Laurence Kotlikoff, a professor of economics at Boston University, states that preparing for old age is a way to avoid becoming a financial burden on one's children. When facing difficulties, older adults often turn to family. However, this option is only viable if the children are financially stable.
Laura, 62, from Illinois, shared that her 82-year-old mother-in-law lost tens of thousands of USD over the past five years by being scammed into sending gift cards on Facebook. Ignoring warnings, she spent lavishly to the point where she could not pay her bills, leading to her home's foreclosure.
"I worked all those years, putting every penny into my retirement fund, and now everything is just slipping away like this", the mother said.
Last year, Laura and her husband moved her mother into a nursing home at a cost of 3,000 USD per month. Her mother-in-law's Social Security and remaining savings were enough to cover this fee, but Laura and her husband had to add 50,000 USD for incidental expenses like moving and overdue debts. The family also gave her a phone without internet access to prevent further scams. This experience prompted Laura to re-evaluate her own retirement plans this summer.

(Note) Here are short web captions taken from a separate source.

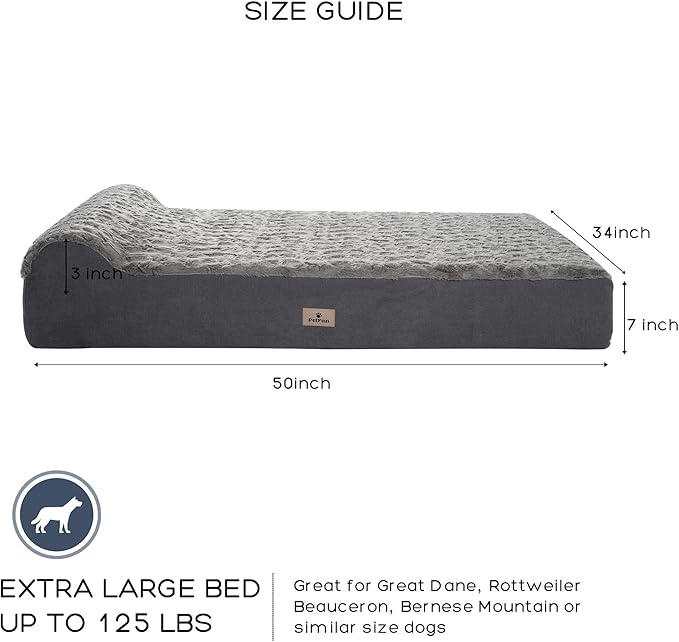 Jumbo Orthopedic Dog Bed for Large Dogs - 7-inch Thick Memory Foam Dog Bed with Pillow Removable Cover Machine Washable (Dark Gray | Textured Plush), 50''L x 34''W x 10''Th I Extra Large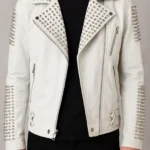 Handmade White Studded Leather Biker Jacket Punk Rock Moto Style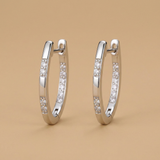 Earrings with Oval Zirconia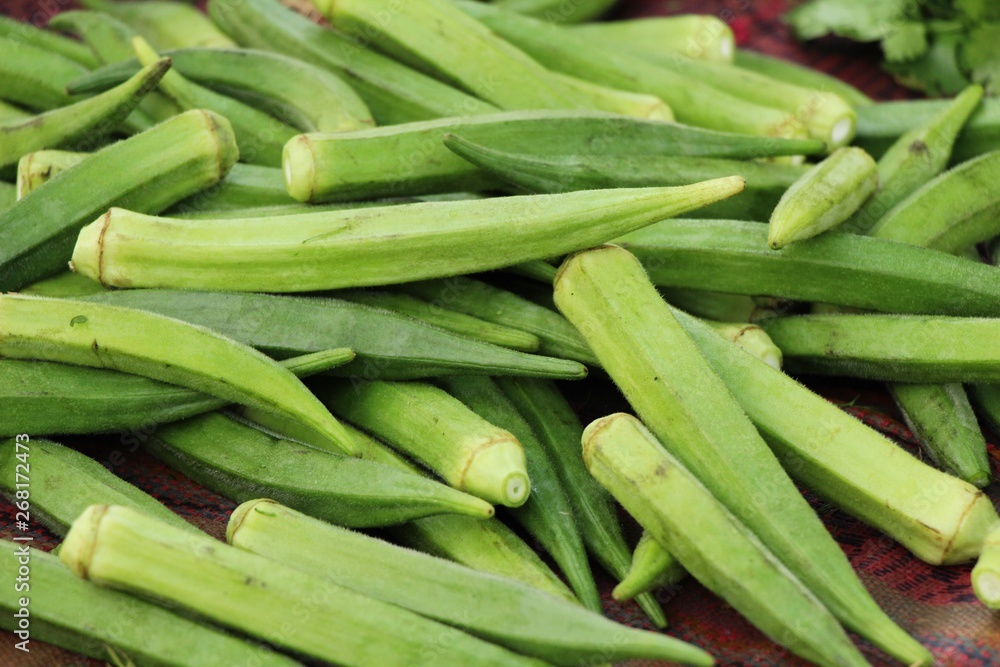 Fresh okra for cooking at street food Fresh okra for cooking at street food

The burden of care does not fall evenly. According to the Pew Research Center, one in 10 US adults cares for a parent over 65. Women and low-income individuals often bear the brunt of this responsibility, losing many opportunities to save. These caregivers typically spend an average of 7,000 USD out of pocket annually to care for their relatives.
Financial experts advise families to discuss elder care plans early. Early preparation opens up options such as delaying Social Security benefits, downsizing homes, selling assets, or finding suitable elder care solutions.